» **Activity**: Return every entry exactly, except for any pictures.

» **Data under study**:

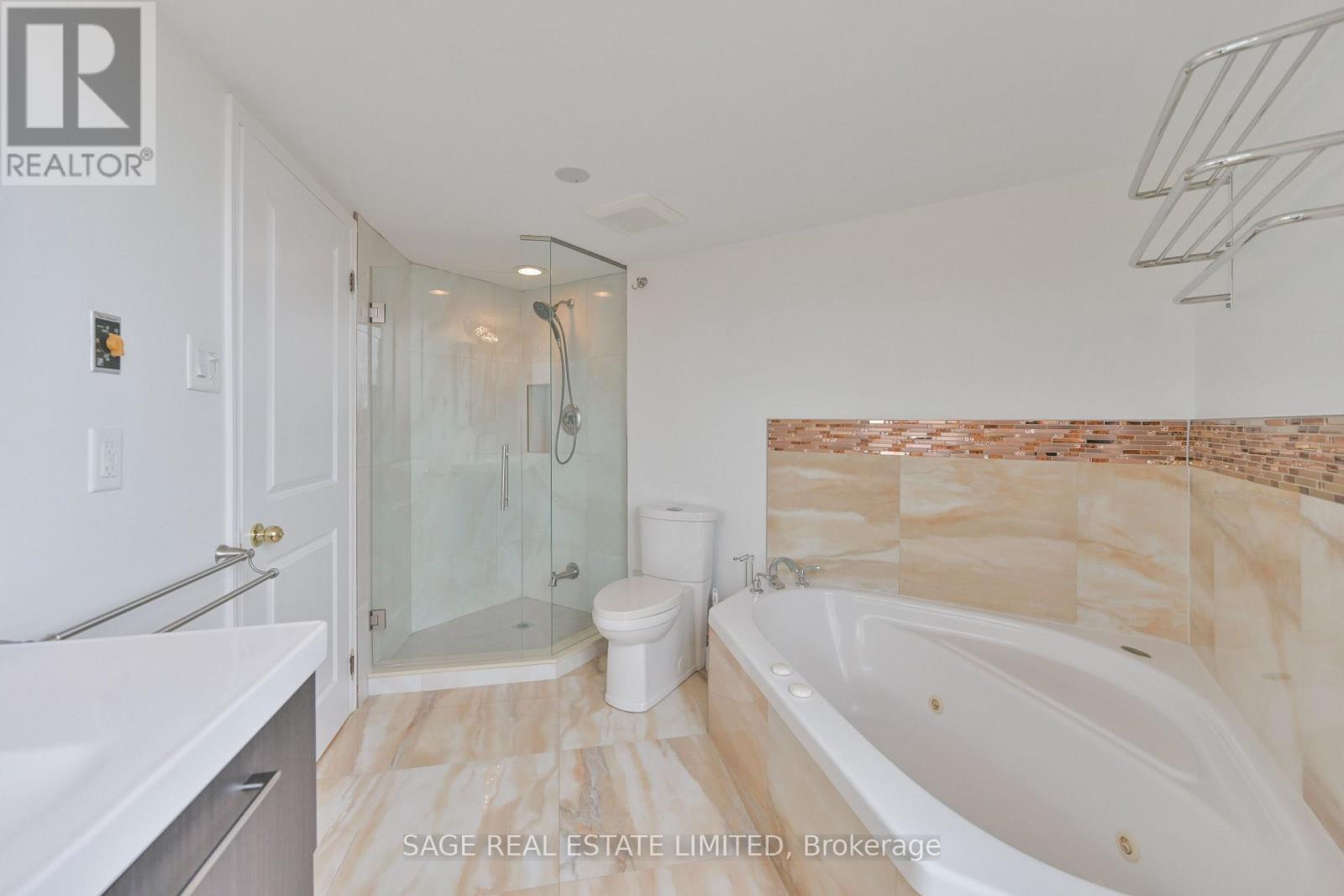 1806 - 2285 Lake Shore Boulevard W Property Photo 18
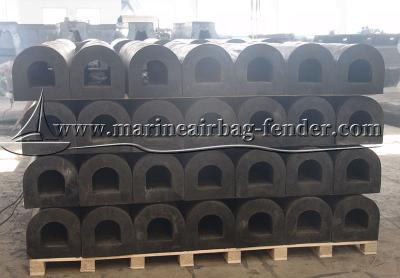 China Customized D Type Rubber Fender , Marine Solid Fender For Ship Protecttion for sale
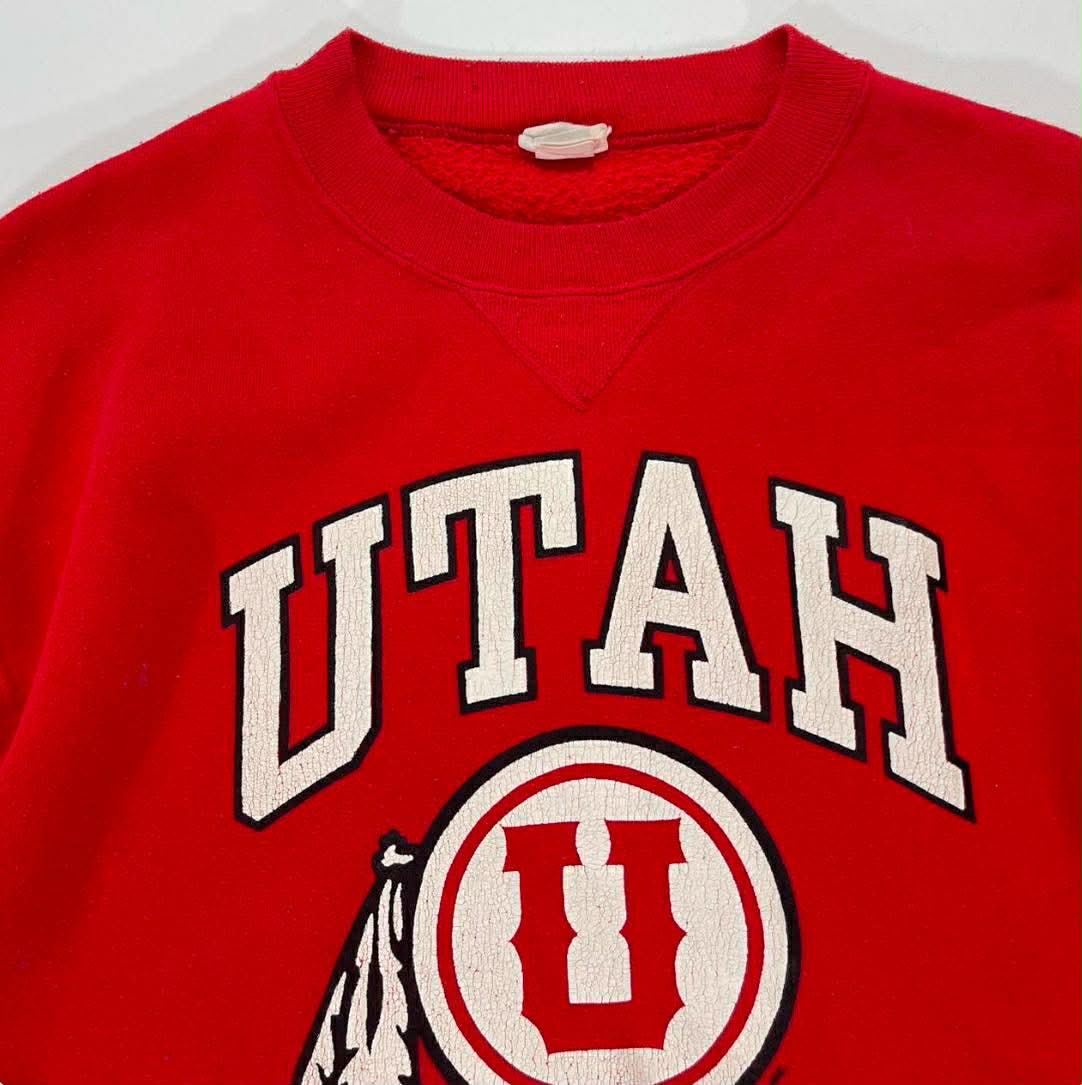 VINTAGE RED UNIVERSITY OF UTAH CREWNECK SWEATSHIRT (M-L)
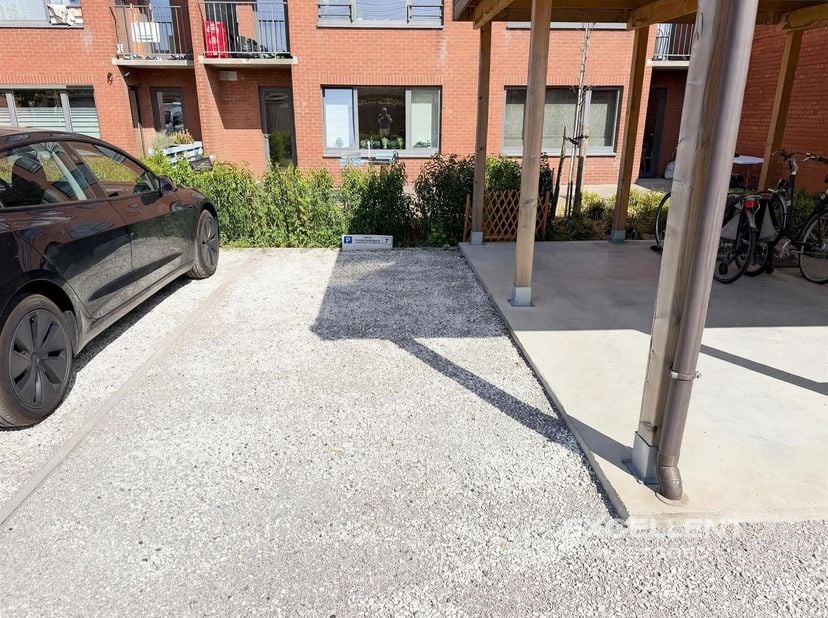 Garage te koop in ,
                    9800 Deinze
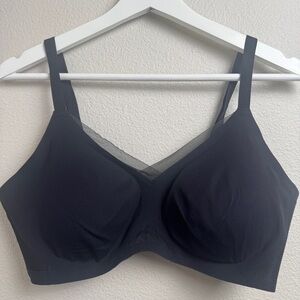 Honey Love CrossOver Bra Size Large Vamp Black Wireless Smoothing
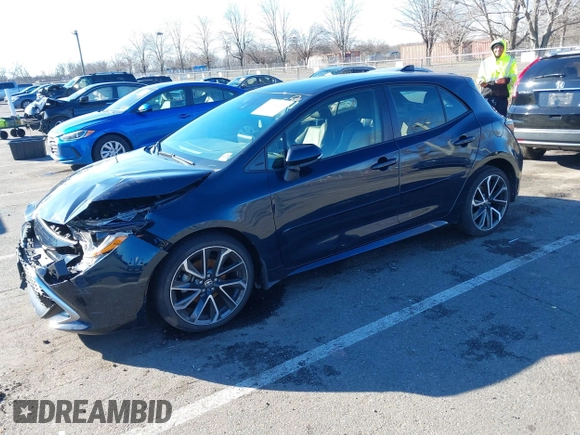 2020 Toyota Corolla Hatchback XSE with VIN JTNC4RBE8L3085053, listed as a IAAI auction lot 41134475 with 51,287 mi miles. Bid and sale history available at carsss.com. Image 2.
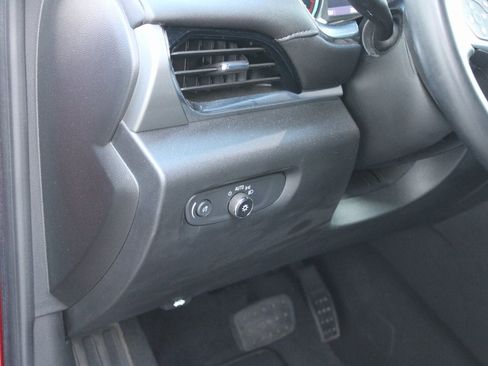 Used 2023 Chevrolet Traverse LT image 25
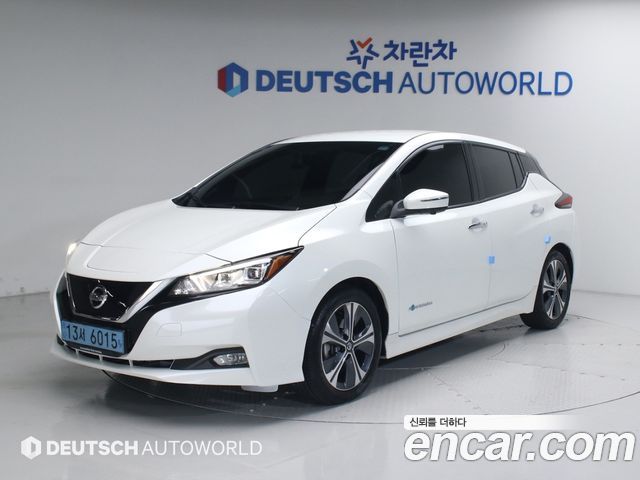 Nissan Leaf ZE1 EV SL - фото 0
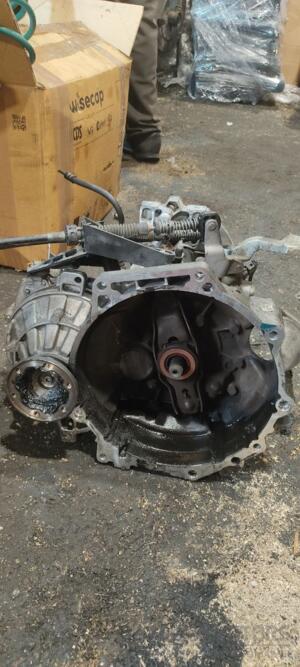 МКПП (механическая коробка переключения передач) VW Caddy (III) 2004-2015 JCR BF-540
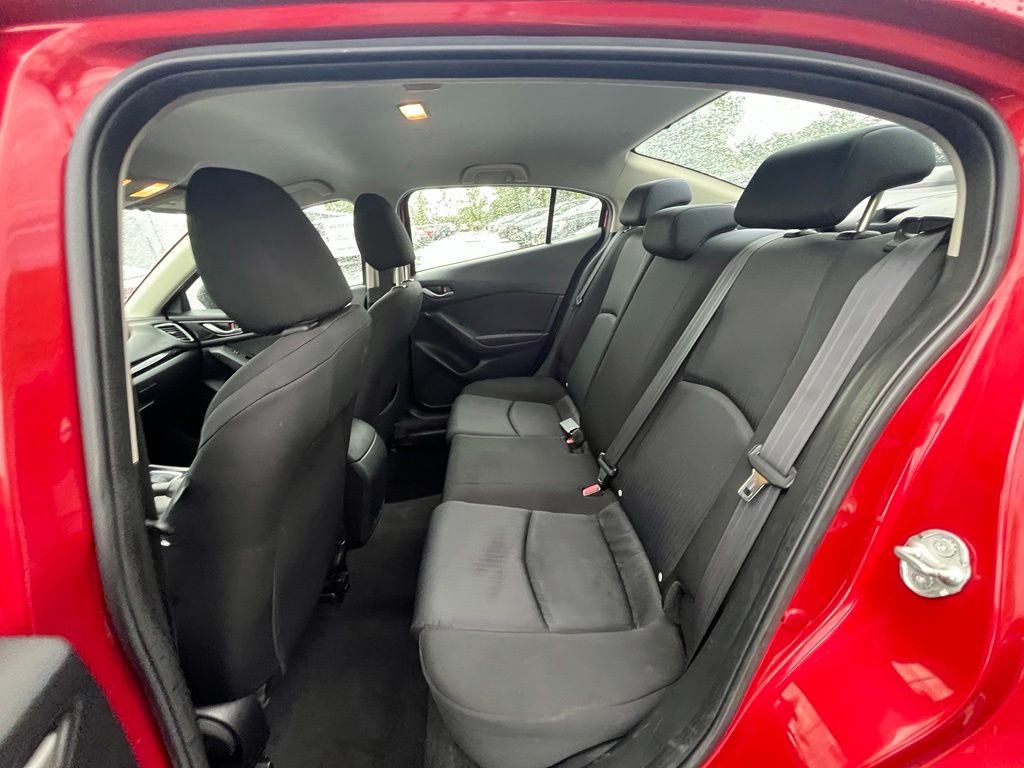 Used 2015 Red Mazda i Sport image 24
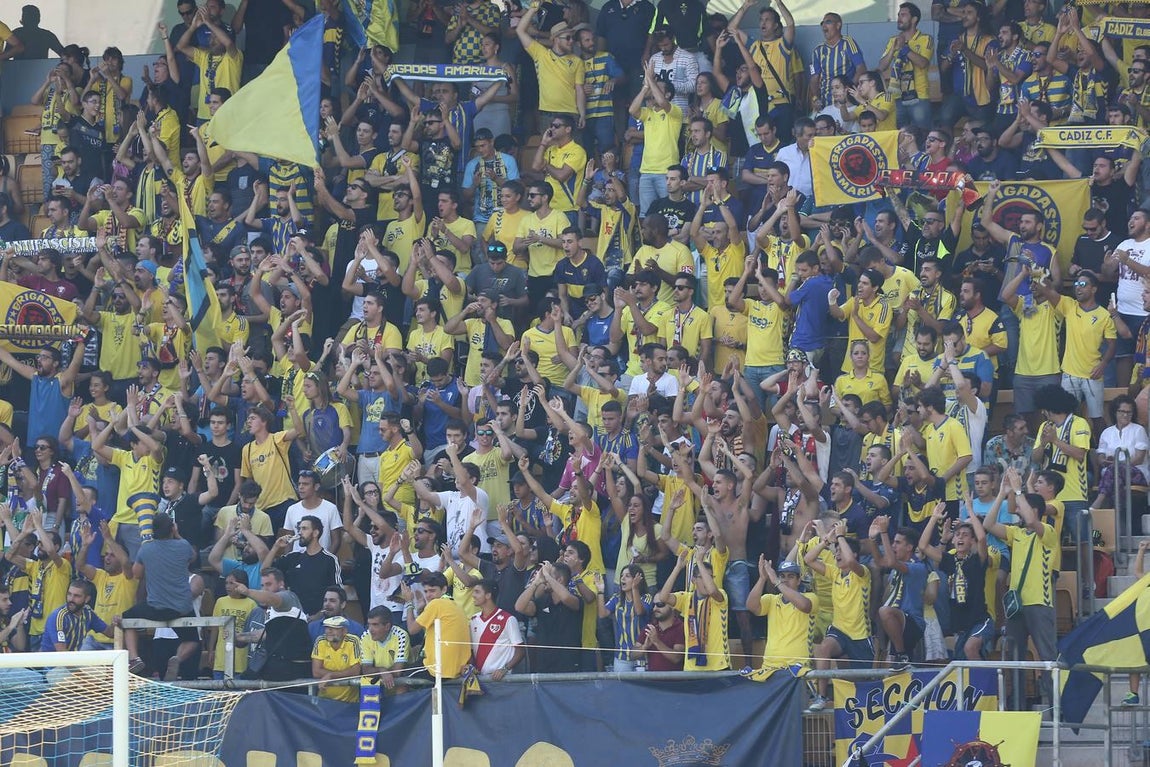 FOTOS: Búscate en el partido del Cádiz CF vs Oviedo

» **Written answer**:
 1806 - 2285 Lake Shore Boulevard W Property Photo 18
 China Customized D Type Rubber Fender , Marine Solid Fender For Ship Protecttion for sale
 VINTAGE RED UNIVERSITY OF UTAH CREWNECK SWEATSHIRT (M-L)
 Garage te koop in ,
                    9800 Deinze
 Honey Love CrossOver Bra Size Large Vamp Black Wireless Smoothing
 2020 Toyota Corolla Hatchback XSE with VIN JTNC4RBE8L3085053, listed as a IAAI auction lot 41134475 with 51,287 mi miles. Bid and sale history available at carsss.com. Image 2.
 Used 2023 Chevrolet Traverse LT image 25
 Nissan Leaf ZE1 EV SL - фото 0
 МКПП (механическая коробка переключения передач) VW Caddy (III) 2004-2015 JCR BF-540
 Used 2015 Red Mazda i Sport image 24
 FOTOS: Búscate en el partido del Cádiz CF vs Oviedo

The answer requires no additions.